WORK INSTRUCTION —
Exactly retype the opening line of the entries and every line after it, ending with the line that contains "Person holding a". Skip all pictures.

Brief descriptive captions

Start of Block

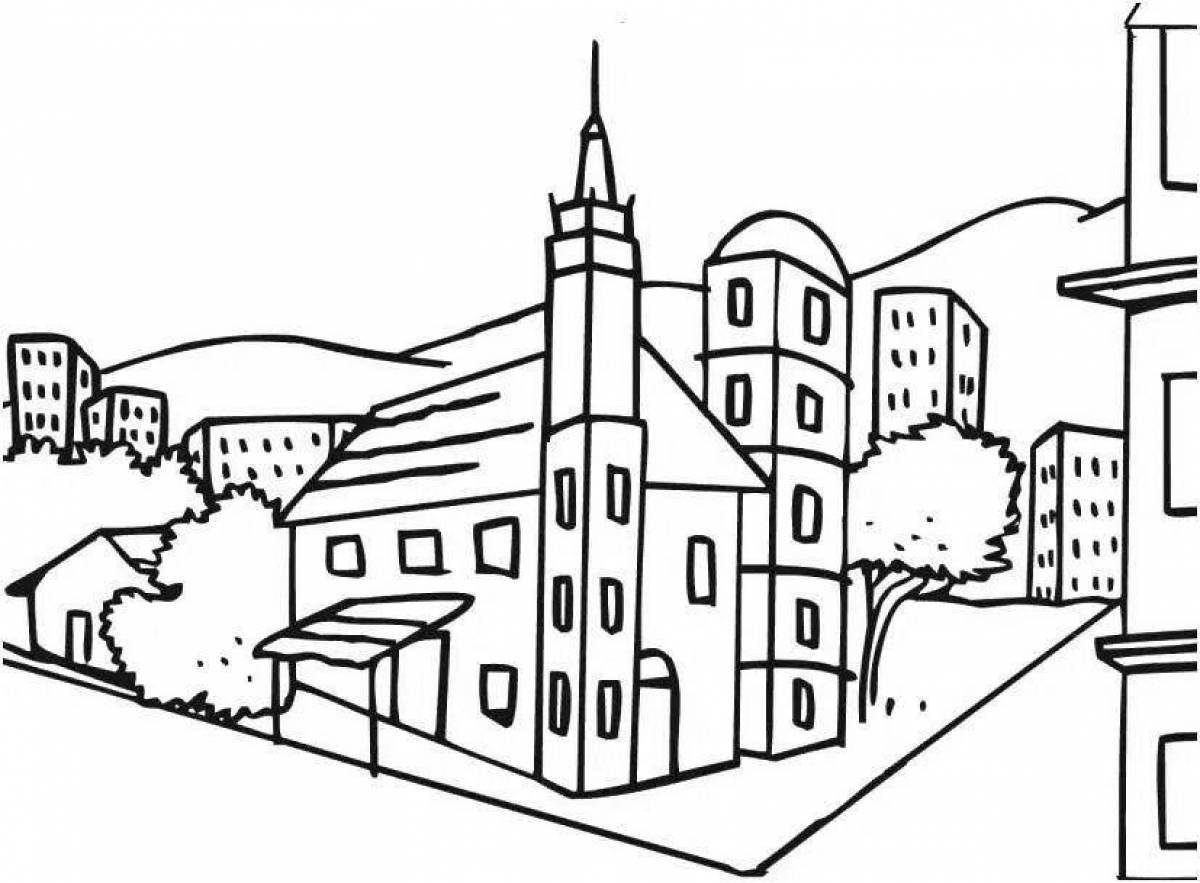 Coloring page charming city street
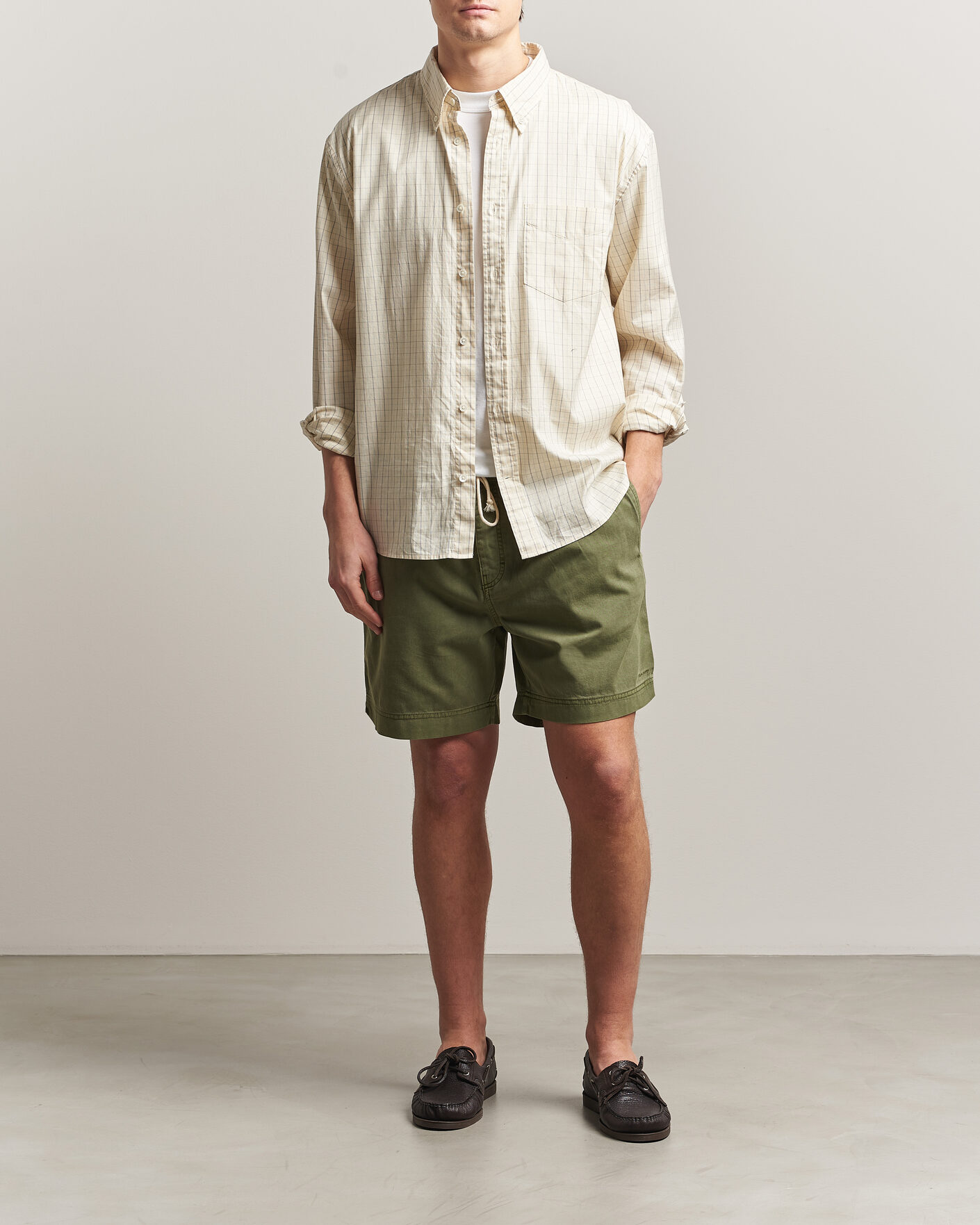 Mies | Shortsit | Gant | Regular Fit Sunfaded Drawstring Dry Herb Green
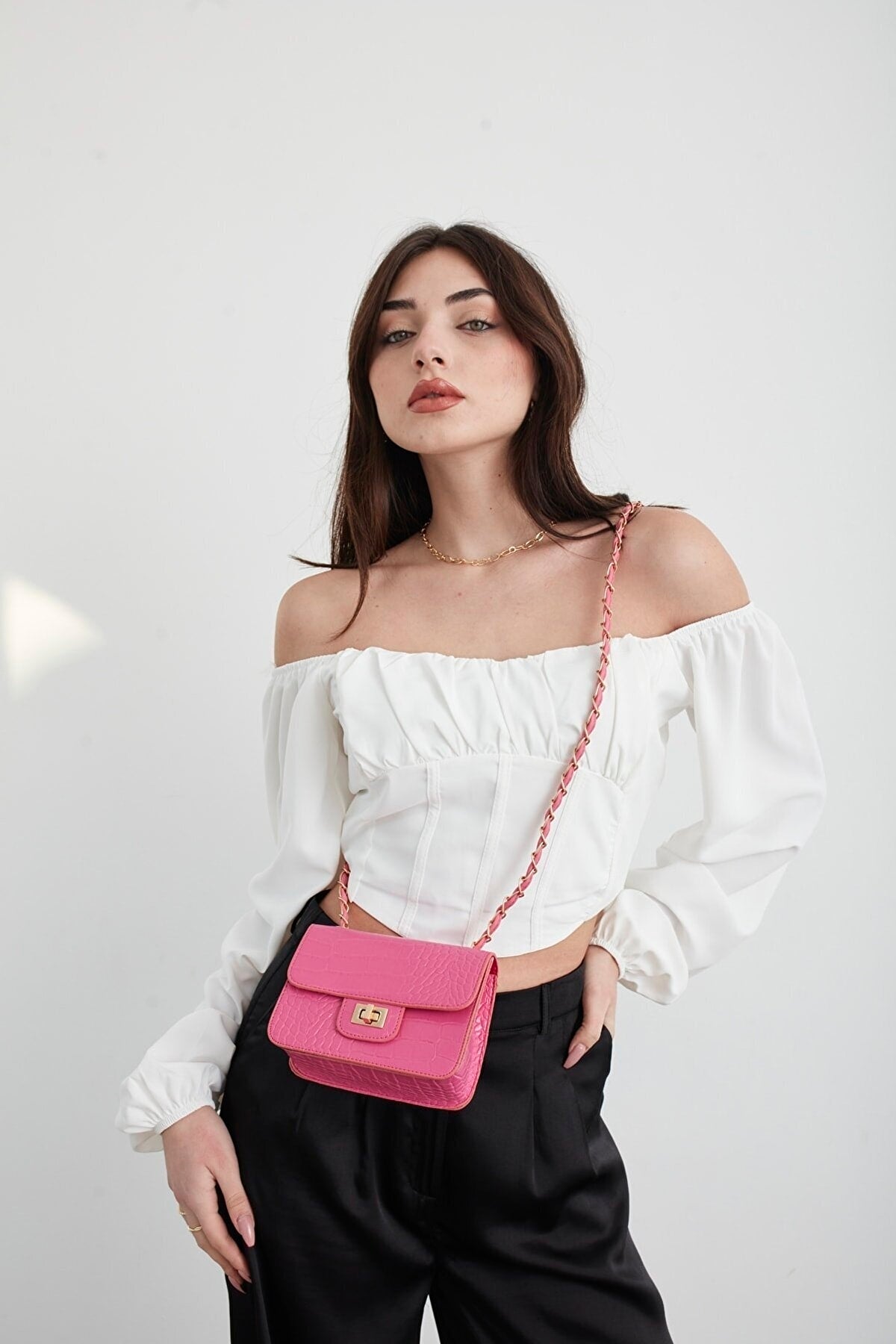 Fuchsia Women'S Crocodile Patterned Mini Shoulder Bag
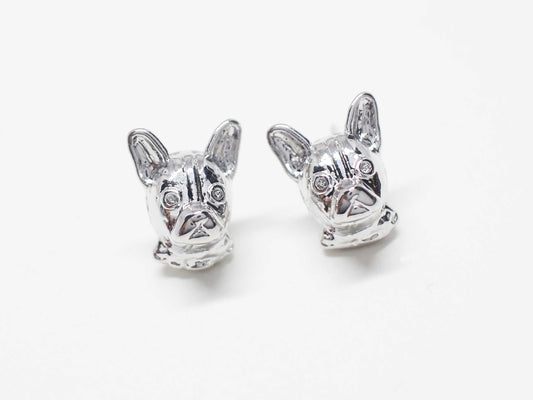 [E0421]/1 pair/French bulldog earrings/ Brass/Rhodium plated/14x11mm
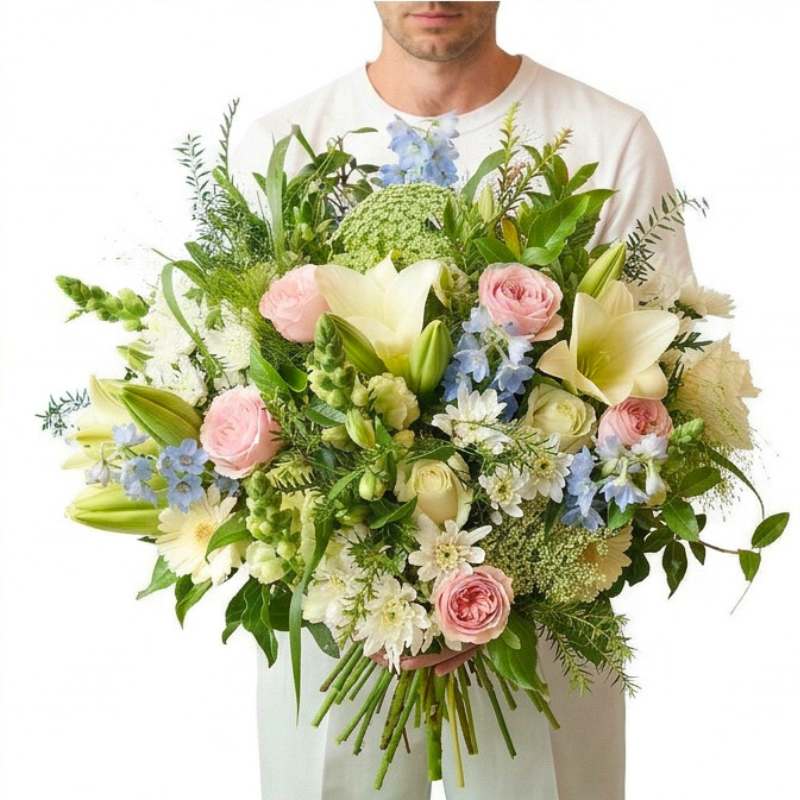 Person holding a large bouquet of flowers with a white background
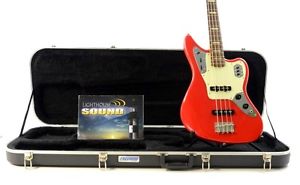 2007 Fender Jaguar Electric Bass Guitar - Hot Rod Red w/ Hard Shell Case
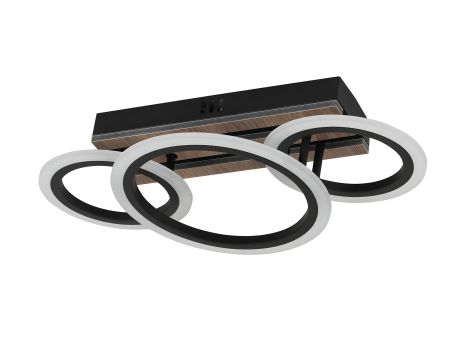 Люстра VALESO 3300/2+1 черный + дерево 50W (3 режима)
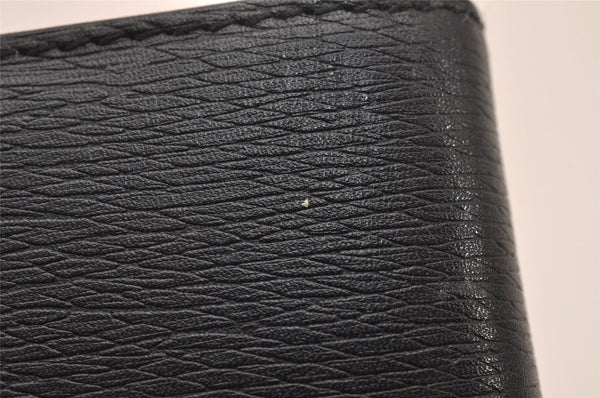 Authentic GUCCI Agenda Vintage Notebook Cover Purse Leather Black 4623J
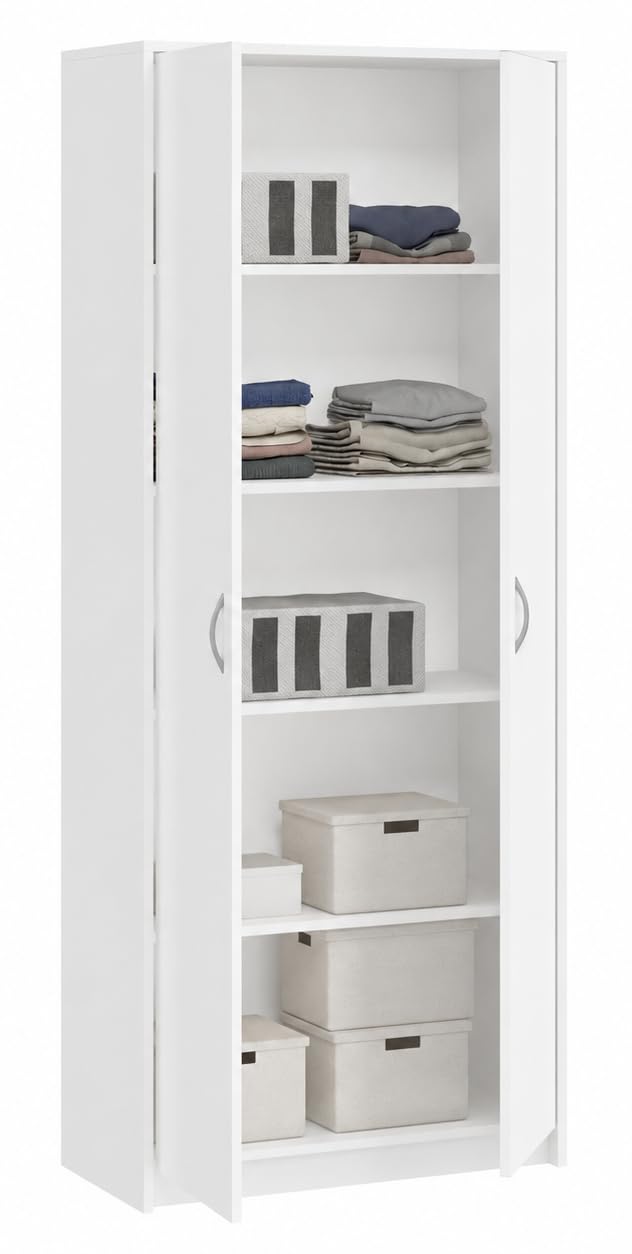 Armoire Polyvalente pour la Maison, Armoire-penderie, de Bureau et à dossiers avec 2 Portes et 5 Compartiments, 180 x 74 x 35 cm (Blanc)
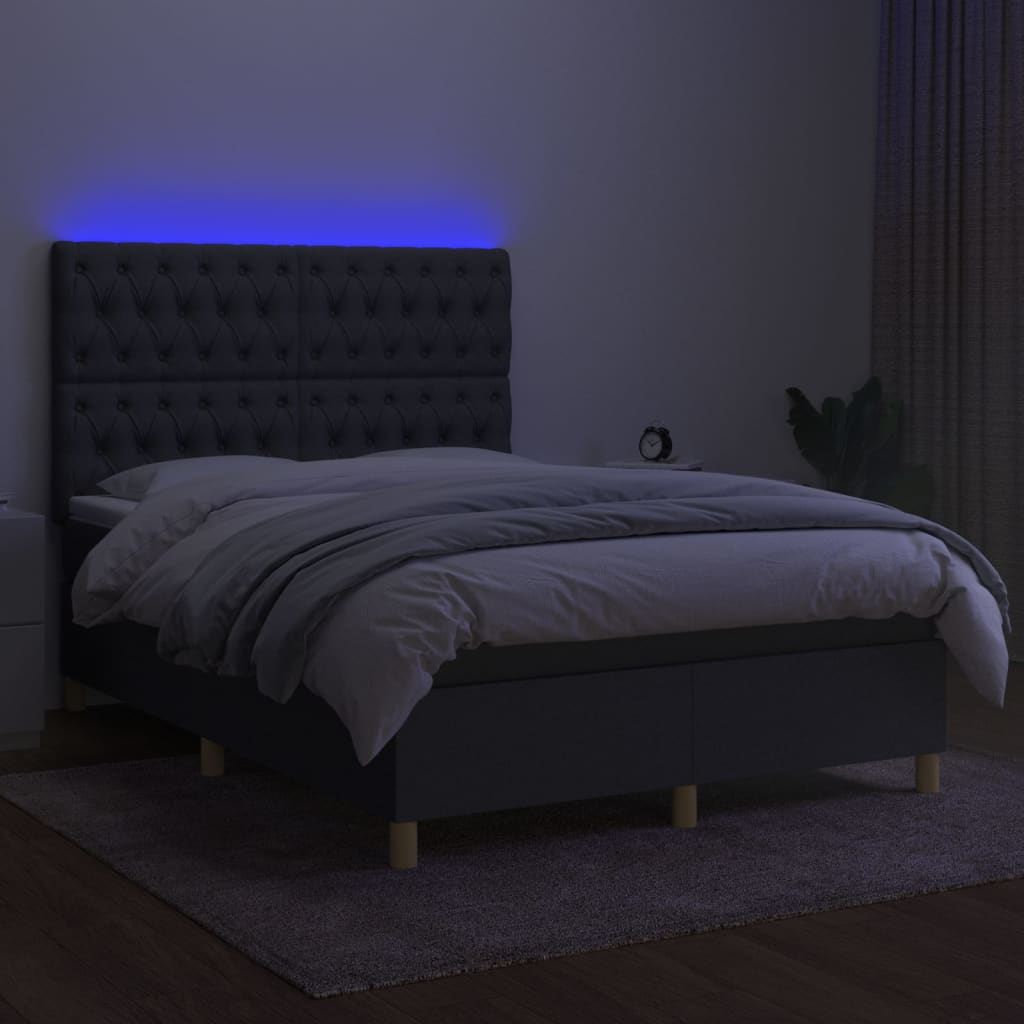 sötétszürke szövet rugós és LED-es ágy matraccal 140x190 cm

End of Block

RESPONSE TO THE EXERCISE —
 Coloring page charming city street
 Mies | Shortsit | Gant | Regular Fit Sunfaded Drawstring Dry Herb Green
 Fuchsia Women'S Crocodile Patterned Mini Shoulder Bag
 [E0421]/1 pair/French bulldog earrings/ Brass/Rhodium plated/14x11mm
 Person holding a large bouquet of flowers with a white background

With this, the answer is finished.